'This game is going to easily—and I mean easily—take over': Major streamers, early fans, and esports players share their Deadlock hype after Valve opens the floodgates
I'm a little confused. Deadlock is a 3rd person MOBA in a sea of MOBAs. Concord is a 3rd person hero shooter in a sea of hero shooters. Seems to me like this is Valve magic, even though ex-Destiny devs worked on Concord.
I'm not planning on playing either one due to my lack of good Internet, I just find it a bit strange.
Valve's 'magic' is play testing something to the point it's a polished experience that people keep coming back to. They put in the work to see how their game plays, and adapt where they feel it's needed. If Sony did near the play testing on Concord that Valve did on Deadlock, I'd bet their game would be pretty fun too.
To note also, is that in addition to Valve magic Deadlock is created by Icefrog - the lead developer and designer behind Dota 2 (and DotA: All-stars for years before that). You can see his fingerprints all over Deadlock, and despite it clearly being at the alpha stage you can still see he knows intimately what makes a good MOBA tick.
Valve has the resources and incentive to take years and years making something fun with no worry about profitability. Steam is their product, the games Valve releases on Steam are just reasons to spend money on their platform.

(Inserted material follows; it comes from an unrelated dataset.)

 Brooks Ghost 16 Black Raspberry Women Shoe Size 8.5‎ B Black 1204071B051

How tf is this a monopoly? There are other mobas you can buy, even on their own store.
And if you meant steam, that's also not a monopoly, there are lots of other stores. Most just suck and are not even beginning to understand why steam has its standing.
Retail copies of half-life 2 required Steam, and that was just the beginning. I returned several physical copies of games over the years because of the Steam requirements.

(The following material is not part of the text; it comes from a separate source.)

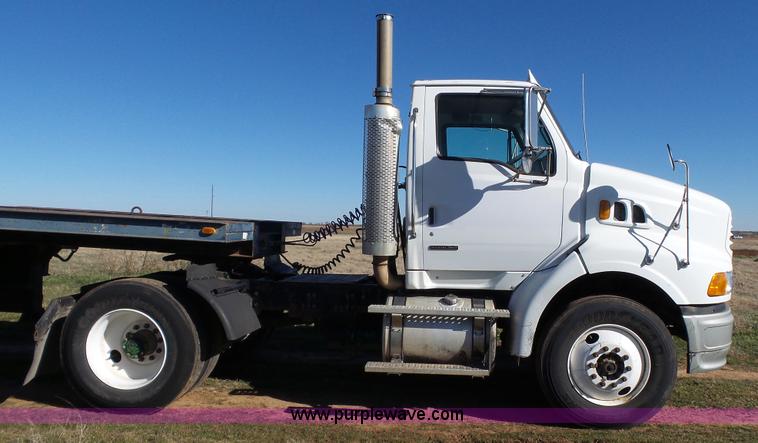 image for item J1305 2006 Sterling A9500 semi truck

And what has that to do with a monopoly? They forced other developers to sell their game on steam? No, over time it developed into a platform that was just more convenient in so many ways than physical copies, for gamers and developers.
Steam wouldn't have taken off if it was as shitty as the launchers from ea/ubi and so on.

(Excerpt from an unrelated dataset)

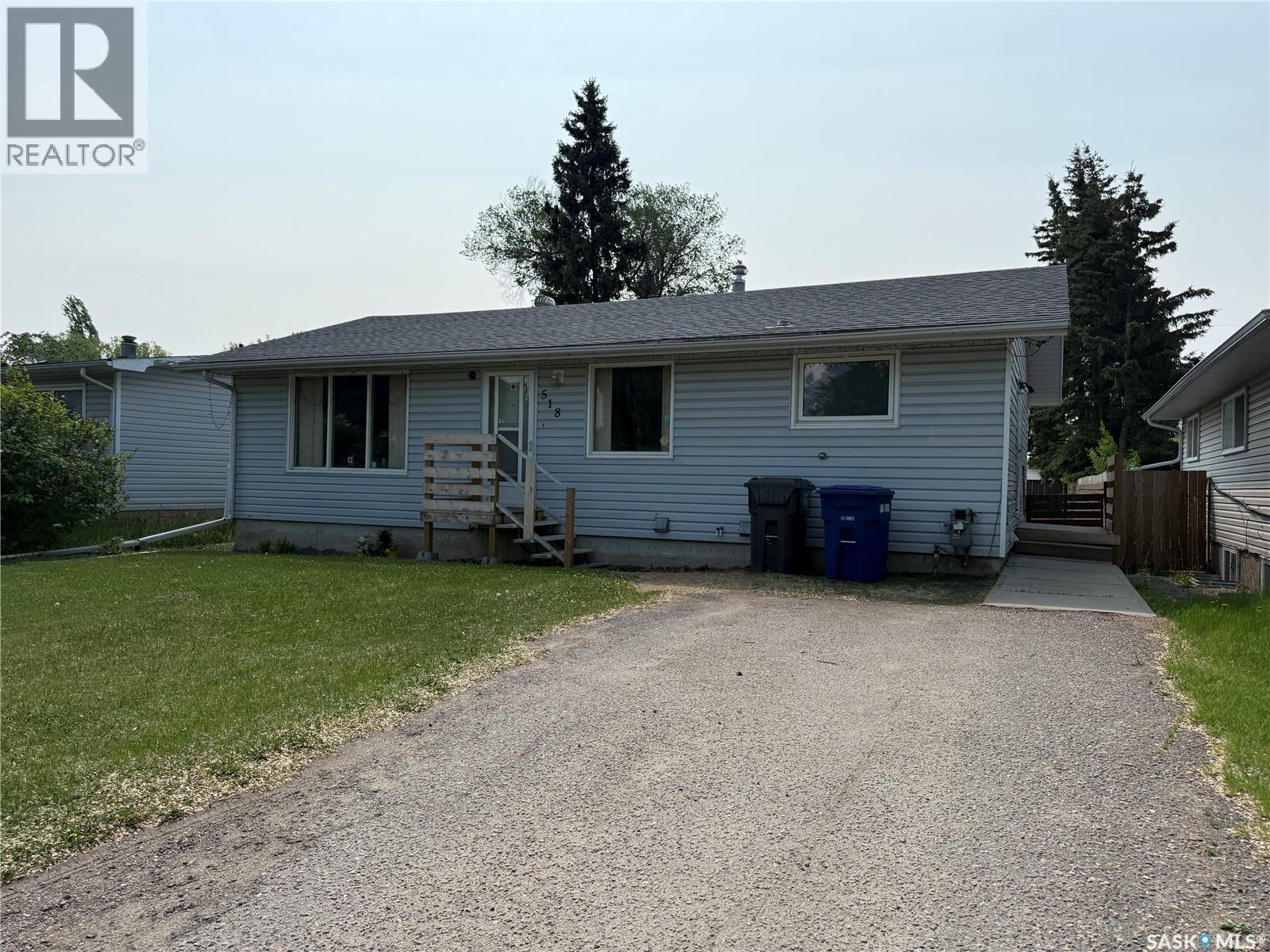 518 3 Avenue West, Meadow Lake, SK S9X 1B3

And so what if they were the first ? Wow released in the same year and had its own proprietary launcher, so they could charge users monthly. While Steam is free and their servers are free to use.
It'not like we wouldn't live in a world without proprietary launchers it it weren't for steam, we would just have shitty ones, almost exclusively.
Just compare the the movie/tv-show platforms, all the same shit in different shades of brown.